● BRIEF
Send back the whole listing untouched.

● DATA FOR THIS EXERCISE
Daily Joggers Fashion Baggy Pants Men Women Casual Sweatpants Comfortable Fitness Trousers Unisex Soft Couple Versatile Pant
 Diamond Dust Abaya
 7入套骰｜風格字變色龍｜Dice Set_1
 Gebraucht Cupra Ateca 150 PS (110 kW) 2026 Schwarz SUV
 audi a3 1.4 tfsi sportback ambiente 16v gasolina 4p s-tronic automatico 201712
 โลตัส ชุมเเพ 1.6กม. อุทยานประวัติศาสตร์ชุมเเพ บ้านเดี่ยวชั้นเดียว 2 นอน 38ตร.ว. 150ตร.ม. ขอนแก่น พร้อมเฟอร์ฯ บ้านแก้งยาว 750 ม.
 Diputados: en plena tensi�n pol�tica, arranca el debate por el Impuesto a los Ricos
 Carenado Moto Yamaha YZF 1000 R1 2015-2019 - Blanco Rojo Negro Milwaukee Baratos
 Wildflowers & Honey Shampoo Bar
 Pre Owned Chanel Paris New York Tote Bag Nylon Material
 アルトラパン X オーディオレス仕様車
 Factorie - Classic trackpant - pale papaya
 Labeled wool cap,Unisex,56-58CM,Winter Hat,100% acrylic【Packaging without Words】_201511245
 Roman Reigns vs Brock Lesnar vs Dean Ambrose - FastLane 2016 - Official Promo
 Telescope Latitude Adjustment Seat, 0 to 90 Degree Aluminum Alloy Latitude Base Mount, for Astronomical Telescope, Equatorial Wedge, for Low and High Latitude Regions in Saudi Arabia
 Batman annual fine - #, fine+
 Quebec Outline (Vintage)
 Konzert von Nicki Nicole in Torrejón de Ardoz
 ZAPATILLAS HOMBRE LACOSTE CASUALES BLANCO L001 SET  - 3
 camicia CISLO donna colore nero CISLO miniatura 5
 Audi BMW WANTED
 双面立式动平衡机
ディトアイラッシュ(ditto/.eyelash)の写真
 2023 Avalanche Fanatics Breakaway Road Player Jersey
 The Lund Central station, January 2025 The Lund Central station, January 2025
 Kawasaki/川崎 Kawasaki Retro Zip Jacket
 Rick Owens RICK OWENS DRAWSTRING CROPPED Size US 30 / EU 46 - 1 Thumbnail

● RESPONSE BELOW
Daily Joggers Fashion Baggy Pants Men Women Casual Sweatpants Comfortable Fitness Trousers Unisex Soft Couple Versatile Pant
 Diamond Dust Abaya
 7入套骰｜風格字變色龍｜Dice Set_1
 Gebraucht Cupra Ateca 150 PS (110 kW) 2026 Schwarz SUV
 audi a3 1.4 tfsi sportback ambiente 16v gasolina 4p s-tronic automatico 201712
 โลตัส ชุมเเพ 1.6กม. อุทยานประวัติศาสตร์ชุมเเพ บ้านเดี่ยวชั้นเดียว 2 นอน 38ตร.ว. 150ตร.ม. ขอนแก่น พร้อมเฟอร์ฯ บ้านแก้งยาว 750 ม.
 Diputados: en plena tensi�n pol�tica, arranca el debate por el Impuesto a los Ricos
 Carenado Moto Yamaha YZF 1000 R1 2015-2019 - Blanco Rojo Negro Milwaukee Baratos
 Wildflowers & Honey Shampoo Bar
 Pre Owned Chanel Paris New York Tote Bag Nylon Material
 アルトラパン X オーディオレス仕様車
 Factorie - Classic trackpant - pale papaya
 Labeled wool cap,Unisex,56-58CM,Winter Hat,100% acrylic【Packaging without Words】_201511245
 Roman Reigns vs Brock Lesnar vs Dean Ambrose - FastLane 2016 - Official Promo
 Telescope Latitude Adjustment Seat, 0 to 90 Degree Aluminum Alloy Latitude Base Mount, for Astronomical Telescope, Equatorial Wedge, for Low and High Latitude Regions in Saudi Arabia
 Batman annual fine - #, fine+
 Quebec Outline (Vintage)
 Konzert von Nicki Nicole in Torrejón de Ardoz
 ZAPATILLAS HOMBRE LACOSTE CASUALES BLANCO L001 SET  - 3
 camicia CISLO donna colore nero CISLO miniatura 5
 Audi BMW WANTED
 双面立式动平衡机
ディトアイラッシュ(ditto/.eyelash)の写真
 2023 Avalanche Fanatics Breakaway Road Player Jersey
 The Lund Central station, January 2025 The Lund Central station, January 2025
 Kawasaki/川崎 Kawasaki Retro Zip Jacket
 Rick Owens RICK OWENS DRAWSTRING CROPPED Size US 30 / EU 46 - 1 Thumbnail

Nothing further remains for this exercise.